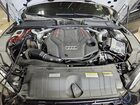 2024 Audi S5 Premium Plus Черный vin: WAUC4CF54RA129028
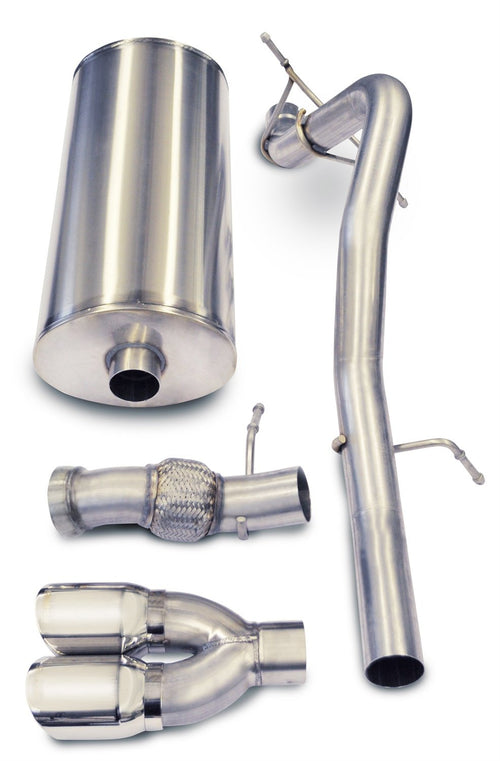 Cat-Back CORSA Exhaust System 14881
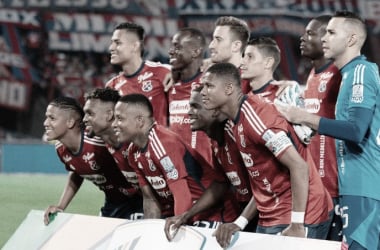 Resumen y goles: César Vallejo 1-5 Medellín en Copa Sudamericana 2024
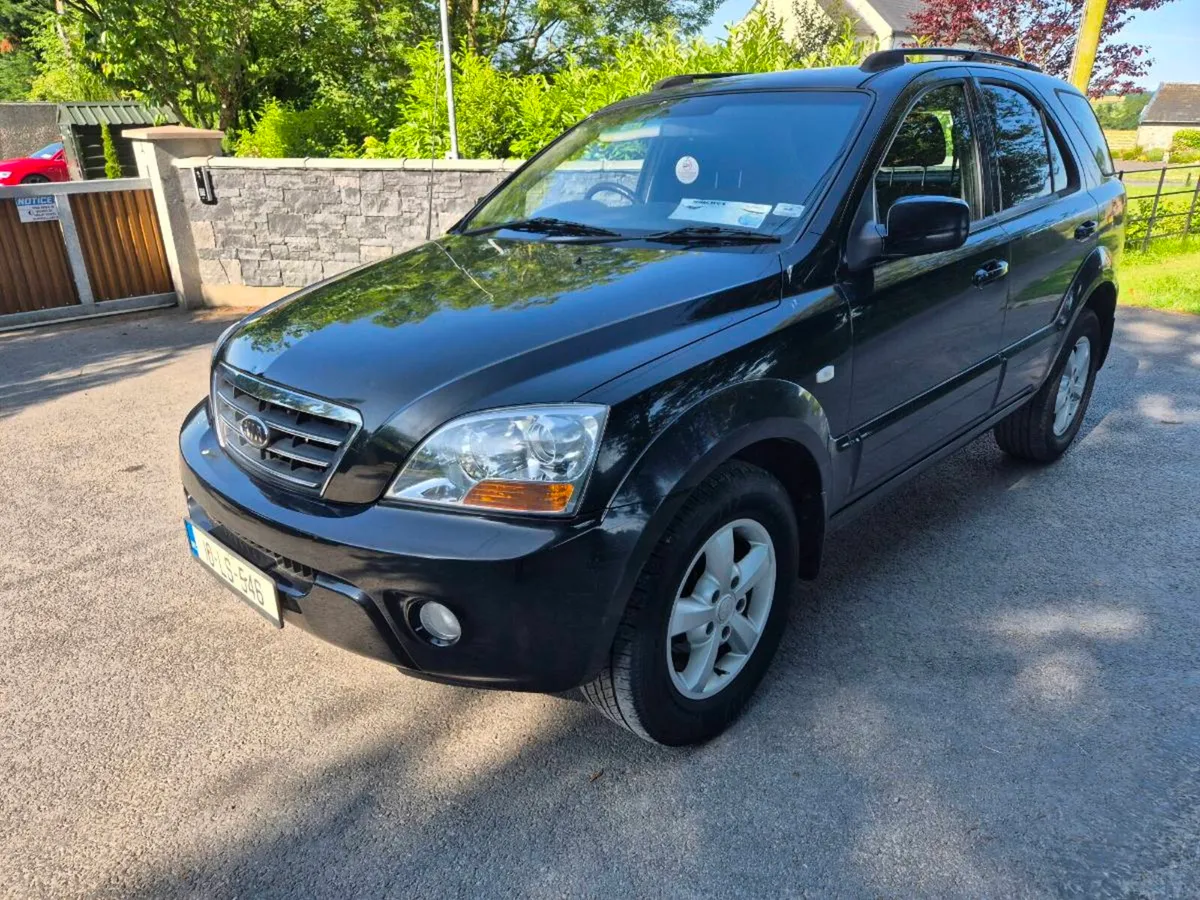 Kia Sorento 4x4.. 90000km - Image 4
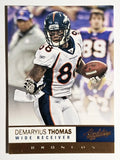 2012 Absolute Retail #44 Demaryius Thomas
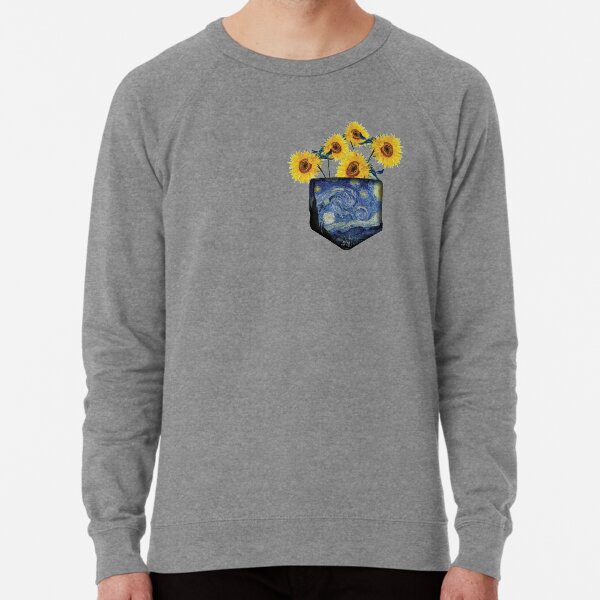 Pocket Full of Sunshine Lightweight Sweatshirt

- [Task requirements]:
Only the lines starting at the one that holds "Kia Sorento 4x4.. 90000km - Image 4" and ending at the last line of the data belong in your answer. Please set them down exactly and omit the pictures.

- [Exercise output]:
 Kia Sorento 4x4.. 90000km - Image 4
 2012 Absolute Retail #44 Demaryius Thomas
 Pocket Full of Sunshine Lightweight Sweatshirt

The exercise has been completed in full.